05. INSÓLITA INSTANTÁNEA

Comencé en este quehacer como la mayoría de los fotógrafos de acción, participando en incontables deportes antes de atreverme a pausar el tiempo con mi primera cámara. Después, sin darme cuenta, aprendí los trucos de la Leica.
Recuerdo la gesta de un famoso piloto americano saltando con su moto de nieve desde un sexto piso. No fue fácil captar la instantánea, puesto que se necesitaron tres años para adecuar el espacio al grosor de tan gélido colchón, que requería semejante caída libre.
Para que pudiese realizar la foto, el especialista de semejante vehículo tenía que saltar de un edificio a otro, por lo que resultaba obvio el peligro al que se exponía. Más, cuando la montaña de nieve fue idónea, no dudé en «hacer clic» y respirar aliviado sin que se produjese ninguna desgracia.

Al revelar la instantánea me asombró descubrir la presencia del rostro de una persona debajo de la moto que me fue difícil identificar.
Poco después, en el edificio donde yo residía, asistí estupefacto al hallazgo del cadáver de una joven con el mismo semblante.

04 CREATIVO (Ángel Saiz Mora -EdH 2020-)

A esa mujer le debía todo. Ella no dudó en acogerle tras el accidente de tráfico de sus padres.
Era buen muchacho, aunque no le entusiasmaran los estudios. Tampoco hacía esfuerzos por ganarse la vida.
Mermada algo de su lucidez y otras facultades, la abuela ingresó en una residencia.
El joven la visitaba a diario. El desvelo de la anciana era que su nieto saliese adelante. Un día dijo que al fin había conseguido triunfar. Para favorecer tal embuste manipuló una fotografía. En ella, el rey y otras personalidades le felicitaban. Un trabajo perfecto.
Sin dejar de reinventarse, otra tarde llevó una lámina dedicada por su ídolo, Manolo Escobar, que la octogenaria aún creía en este mundo y a quien él aseguraba conocer.
La mujer amaneció sin vida una mañana de julio, con cientos de imágenes entre las manos. Su sonrisa mostraba orgullo y plenitud.
En medio de la congoja, punzado, además, por el engaño, un rincón de su mente le hizo asimilar que había sabido dar a alguien lo que necesitaba. La chispa dio inicio a llamaradas de ideas imaginativas y proyectos en su ordenador.
Las agencias de publicidad se disputan al diseñador gráfico hecho a sí mismo.

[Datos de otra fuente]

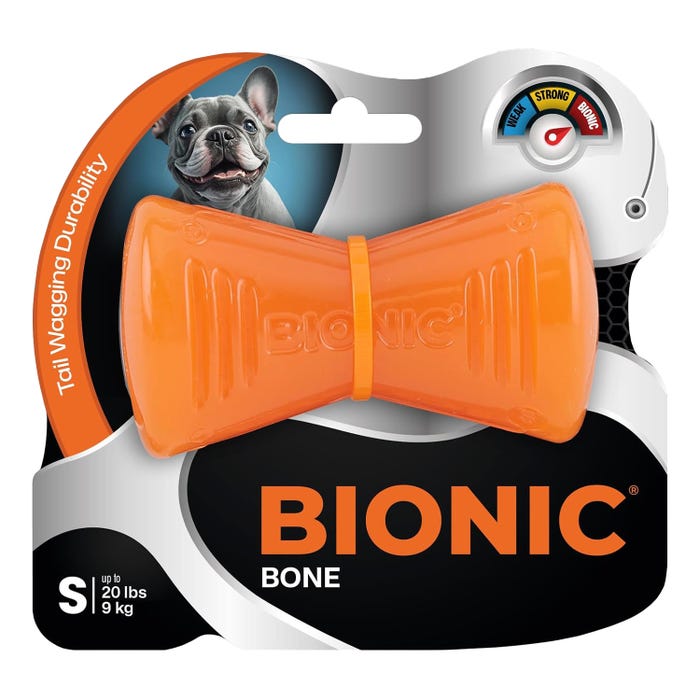 Bionic Dog Toy Bone Small 9.5cm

03 La foto del abandono (Jesús Alfonso Redondo Lavín)

Junto al puente sobre el río Miera, que bifurca los caminos a la Cárcaba y a Linto, hay una casa y un molino. Hiedras y sabucos van cubriendo sus muros. Hace pocos años todavía colgaban algunas cortinas y quedaban pinzas en el tendal de la balconada.

Aun a pesar del asuelo de los quincalleros, quedaban señales de vida reciente. Era como si sus habitantes hubiesen huido deprisa, como atemorizados por una maldición o por una desgracia que los arrojara de aquel hogar. Una mecedora raída, una banqueta verde, periódicos viejos por doquier, sobres con señas en tinta azul que no me atreví a tocar. Lo que sí recogí del suelo fue una foto, una de esas en la que con gesto serio, junto a una media columna de atrezo, se hacían los soldados el día de la jura en el servicio militar. ¿Quién abandona una foto como esa?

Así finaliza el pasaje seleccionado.